Él y sus amigos son cristianos, así que saben que el sufrimiento no viene vacío, no es sin propósito, no es sin sentido. Pero eso no lo hace menos doloroso.
¿Por qué? ¿Por qué experimentamos tal sufrimiento? ¿Por qué Dios lo permite? A partir de estos primeros versículos de Santiago vemos algo inesperado: las pruebas nos hacen bien.
Las pruebas nos hacen bien al permitirnos desarrollar la madurez espiritual y los más preciados rasgos del carácter cristiano. «Las pruebas no se producen por lo que has hecho, sino por lo que Dios quiere que seas». Las pruebas nos hacen humildes, haciendo igual la realidad de todos, tanto pequeños como grandes experimentan dolor, pérdidas y muerte. Las pruebas desarrollan la compasión y la dependencia, enseñándonos a simpatizar con los demás y a depender más de Dios. Las pruebas nos dan valor al obligarnos a manejar lo que estábamos seguros que nunca podríamos manejar. La pareja que perdió a su hijo demostró todos estos beneficios de las pruebas cuando dijo: «No tenemos a dónde ir. Todo lo que tenemos es Dios y Su carácter en el que apoyarnos». En el funeral ellos declararon: «Aunque la niebla no se levante y el dolor no se vaya, nos mantendremos firmes». Eso es fe.
Las pruebas también nos hacen bien por lo menos de una forma más: las pruebas desarrollan un agotamiento cristiano, un agotamiento con este mundo. Reflexionando sobre todo lo que había visto y experimentado, mi amigo dijo: «Ahora mismo, odio este mundo. Todo lo que ha hecho es romperme el corazón». El mundo le había roto su corazón y el de aquellos que ama. «Ninguno de nosotros quiere quedarse aquí. Queremos levantarnos en la resurrección y no conocer más el dolor. Todo lo que este mundo hace es engañarte y fallarte. Promete demasiado y nunca entrega lo suficiente».

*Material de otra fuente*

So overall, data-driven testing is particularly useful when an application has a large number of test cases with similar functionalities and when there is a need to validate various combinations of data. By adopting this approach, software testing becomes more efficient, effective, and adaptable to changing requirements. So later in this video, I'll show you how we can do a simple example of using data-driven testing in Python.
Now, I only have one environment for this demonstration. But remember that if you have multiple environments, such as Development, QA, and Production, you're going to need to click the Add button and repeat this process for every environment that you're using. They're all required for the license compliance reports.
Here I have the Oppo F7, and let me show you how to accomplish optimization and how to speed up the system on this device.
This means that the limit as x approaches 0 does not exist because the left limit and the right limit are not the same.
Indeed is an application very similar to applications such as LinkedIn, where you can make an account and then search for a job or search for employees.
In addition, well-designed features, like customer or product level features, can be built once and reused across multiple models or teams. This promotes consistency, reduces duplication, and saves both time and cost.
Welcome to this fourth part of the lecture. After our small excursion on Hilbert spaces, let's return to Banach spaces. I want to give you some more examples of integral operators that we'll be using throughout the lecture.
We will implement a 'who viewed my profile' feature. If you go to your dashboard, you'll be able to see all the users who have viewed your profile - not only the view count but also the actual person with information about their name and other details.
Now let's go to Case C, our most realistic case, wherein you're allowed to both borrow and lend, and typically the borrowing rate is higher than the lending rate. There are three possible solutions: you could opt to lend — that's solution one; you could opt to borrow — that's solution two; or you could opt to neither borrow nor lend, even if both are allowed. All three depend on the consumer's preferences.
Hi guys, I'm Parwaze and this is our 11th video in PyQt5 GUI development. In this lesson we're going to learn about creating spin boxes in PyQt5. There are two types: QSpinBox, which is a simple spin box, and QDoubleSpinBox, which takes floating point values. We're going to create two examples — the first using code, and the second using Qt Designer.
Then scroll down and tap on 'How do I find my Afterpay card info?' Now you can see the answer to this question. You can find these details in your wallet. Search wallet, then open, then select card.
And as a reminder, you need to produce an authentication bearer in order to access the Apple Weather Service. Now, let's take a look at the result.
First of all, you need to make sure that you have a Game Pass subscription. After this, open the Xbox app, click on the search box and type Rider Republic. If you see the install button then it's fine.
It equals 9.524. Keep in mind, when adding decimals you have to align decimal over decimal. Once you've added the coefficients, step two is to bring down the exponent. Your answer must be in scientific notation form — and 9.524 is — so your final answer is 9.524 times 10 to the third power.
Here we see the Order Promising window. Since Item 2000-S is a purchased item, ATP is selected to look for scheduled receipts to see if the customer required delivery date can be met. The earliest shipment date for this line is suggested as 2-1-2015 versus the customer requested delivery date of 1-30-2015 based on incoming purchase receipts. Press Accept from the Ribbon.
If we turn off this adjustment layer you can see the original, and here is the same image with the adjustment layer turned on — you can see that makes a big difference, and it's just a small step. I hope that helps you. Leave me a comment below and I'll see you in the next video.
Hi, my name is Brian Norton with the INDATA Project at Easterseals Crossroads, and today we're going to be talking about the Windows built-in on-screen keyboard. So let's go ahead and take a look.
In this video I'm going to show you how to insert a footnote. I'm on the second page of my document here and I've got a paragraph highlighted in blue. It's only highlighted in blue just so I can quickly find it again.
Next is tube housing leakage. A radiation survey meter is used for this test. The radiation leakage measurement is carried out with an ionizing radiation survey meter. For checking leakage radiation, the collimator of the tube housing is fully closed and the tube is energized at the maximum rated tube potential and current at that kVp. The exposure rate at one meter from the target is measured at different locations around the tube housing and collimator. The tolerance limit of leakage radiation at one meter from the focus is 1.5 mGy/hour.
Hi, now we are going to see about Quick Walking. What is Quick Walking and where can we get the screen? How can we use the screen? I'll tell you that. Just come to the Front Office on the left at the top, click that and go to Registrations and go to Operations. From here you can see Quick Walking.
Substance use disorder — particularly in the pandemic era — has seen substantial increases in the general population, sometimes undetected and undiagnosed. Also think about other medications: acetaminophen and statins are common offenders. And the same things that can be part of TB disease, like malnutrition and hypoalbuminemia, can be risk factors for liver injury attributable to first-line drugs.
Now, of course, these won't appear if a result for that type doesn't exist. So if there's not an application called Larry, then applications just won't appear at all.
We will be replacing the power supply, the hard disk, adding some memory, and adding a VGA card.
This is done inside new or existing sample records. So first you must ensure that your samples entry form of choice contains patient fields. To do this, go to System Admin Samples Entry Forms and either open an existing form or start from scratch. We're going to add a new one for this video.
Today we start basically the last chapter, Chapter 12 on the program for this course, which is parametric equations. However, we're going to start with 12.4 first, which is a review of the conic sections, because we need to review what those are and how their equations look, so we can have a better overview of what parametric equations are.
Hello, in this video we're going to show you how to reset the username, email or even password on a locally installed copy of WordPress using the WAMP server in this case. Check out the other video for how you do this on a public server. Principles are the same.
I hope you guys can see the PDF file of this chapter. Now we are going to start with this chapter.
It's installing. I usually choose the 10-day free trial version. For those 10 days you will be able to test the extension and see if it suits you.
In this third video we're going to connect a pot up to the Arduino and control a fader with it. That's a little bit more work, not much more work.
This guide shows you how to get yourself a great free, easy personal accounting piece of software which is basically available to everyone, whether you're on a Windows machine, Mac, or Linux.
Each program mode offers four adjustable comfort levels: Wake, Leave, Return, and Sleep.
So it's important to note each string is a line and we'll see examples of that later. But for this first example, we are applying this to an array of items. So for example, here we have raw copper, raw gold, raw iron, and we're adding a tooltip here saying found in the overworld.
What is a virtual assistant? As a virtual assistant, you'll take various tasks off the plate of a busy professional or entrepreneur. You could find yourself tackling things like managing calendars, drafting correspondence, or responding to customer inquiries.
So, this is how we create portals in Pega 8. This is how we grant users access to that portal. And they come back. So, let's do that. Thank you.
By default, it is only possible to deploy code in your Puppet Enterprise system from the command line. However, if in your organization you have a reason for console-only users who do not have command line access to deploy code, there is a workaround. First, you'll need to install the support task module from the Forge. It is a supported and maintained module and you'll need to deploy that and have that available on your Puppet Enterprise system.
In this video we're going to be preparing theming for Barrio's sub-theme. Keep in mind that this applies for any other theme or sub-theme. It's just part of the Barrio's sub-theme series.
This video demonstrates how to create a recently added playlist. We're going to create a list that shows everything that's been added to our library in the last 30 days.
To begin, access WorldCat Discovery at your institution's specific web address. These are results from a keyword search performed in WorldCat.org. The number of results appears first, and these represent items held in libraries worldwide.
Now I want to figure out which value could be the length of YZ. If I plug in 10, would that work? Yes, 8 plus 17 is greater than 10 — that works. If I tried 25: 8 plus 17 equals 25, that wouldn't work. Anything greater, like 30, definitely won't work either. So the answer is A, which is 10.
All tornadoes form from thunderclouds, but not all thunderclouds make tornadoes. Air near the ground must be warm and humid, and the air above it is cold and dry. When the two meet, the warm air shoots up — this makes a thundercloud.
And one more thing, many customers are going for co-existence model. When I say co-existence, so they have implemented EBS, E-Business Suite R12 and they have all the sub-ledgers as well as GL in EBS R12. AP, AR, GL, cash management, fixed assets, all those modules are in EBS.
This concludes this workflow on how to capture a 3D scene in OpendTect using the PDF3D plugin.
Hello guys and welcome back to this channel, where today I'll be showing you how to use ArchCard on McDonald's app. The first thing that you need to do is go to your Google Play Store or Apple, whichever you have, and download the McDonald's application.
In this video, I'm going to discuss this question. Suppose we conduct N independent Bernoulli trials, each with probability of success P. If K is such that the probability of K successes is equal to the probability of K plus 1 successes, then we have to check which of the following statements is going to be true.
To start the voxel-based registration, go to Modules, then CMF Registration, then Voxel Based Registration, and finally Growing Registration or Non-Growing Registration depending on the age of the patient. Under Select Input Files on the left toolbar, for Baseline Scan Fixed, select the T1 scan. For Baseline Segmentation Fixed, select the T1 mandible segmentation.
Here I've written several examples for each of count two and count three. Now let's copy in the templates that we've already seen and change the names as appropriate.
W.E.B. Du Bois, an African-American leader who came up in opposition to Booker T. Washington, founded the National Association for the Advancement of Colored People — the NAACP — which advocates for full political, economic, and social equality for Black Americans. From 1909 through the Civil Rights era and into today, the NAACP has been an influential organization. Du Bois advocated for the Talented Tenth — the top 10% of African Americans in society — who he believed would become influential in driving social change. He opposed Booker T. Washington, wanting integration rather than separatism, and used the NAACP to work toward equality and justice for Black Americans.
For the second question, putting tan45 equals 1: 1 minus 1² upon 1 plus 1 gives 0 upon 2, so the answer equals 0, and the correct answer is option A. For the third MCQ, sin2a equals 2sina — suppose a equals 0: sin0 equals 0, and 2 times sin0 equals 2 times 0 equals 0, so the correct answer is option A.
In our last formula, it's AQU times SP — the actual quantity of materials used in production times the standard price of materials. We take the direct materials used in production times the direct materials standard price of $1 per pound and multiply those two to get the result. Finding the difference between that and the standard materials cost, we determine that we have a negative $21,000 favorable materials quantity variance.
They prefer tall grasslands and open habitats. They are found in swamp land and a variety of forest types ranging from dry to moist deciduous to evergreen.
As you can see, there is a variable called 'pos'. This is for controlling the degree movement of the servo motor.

Todo este dolor, todo este sufrimiento, todas estas pruebas habían llevado a mi amigo y a su esposa a estar cansados. Estaban cansados de sufrir, cansados de gemir bajo el peso de este mundo. «Afligidos en todo, pero no agobiados; perplejos, pero no desesperados; perseguidos, pero no abandonados; derribados, pero no destruidos…» (2 Cor. 4:8-9). En su interior despertaba un mayor deseo de un tiempo, de un lugar, cuando todas las pruebas terminarían.
Este es un agotamiento cristiano, un agotamiento que he escuchado descrito por otros, un agotamiento que he empezado a sentir en mi interior. El agotamiento cristiano eleva nuestra perspectiva desde nuestros pies hasta el horizonte, desde las pruebas de este mundo hasta la esperanza del mundo venidero. Provoca en nosotros un anhelo santo de terminar esta vida y entrar en la vida venidera. Se concentra en las promesas de Dios, promesas de liberación, de restitución, de paz eterna. Es un agotamiento que descansa en las promesas del evangelio, que encuentra su esperanza en el Dios del evangelio. No se revuelca en la desesperación, sino que mira con confianza al futuro. Es un agotamiento que clama junto con los santos de todas las épocas, «¡Ven, Señor Jesús!»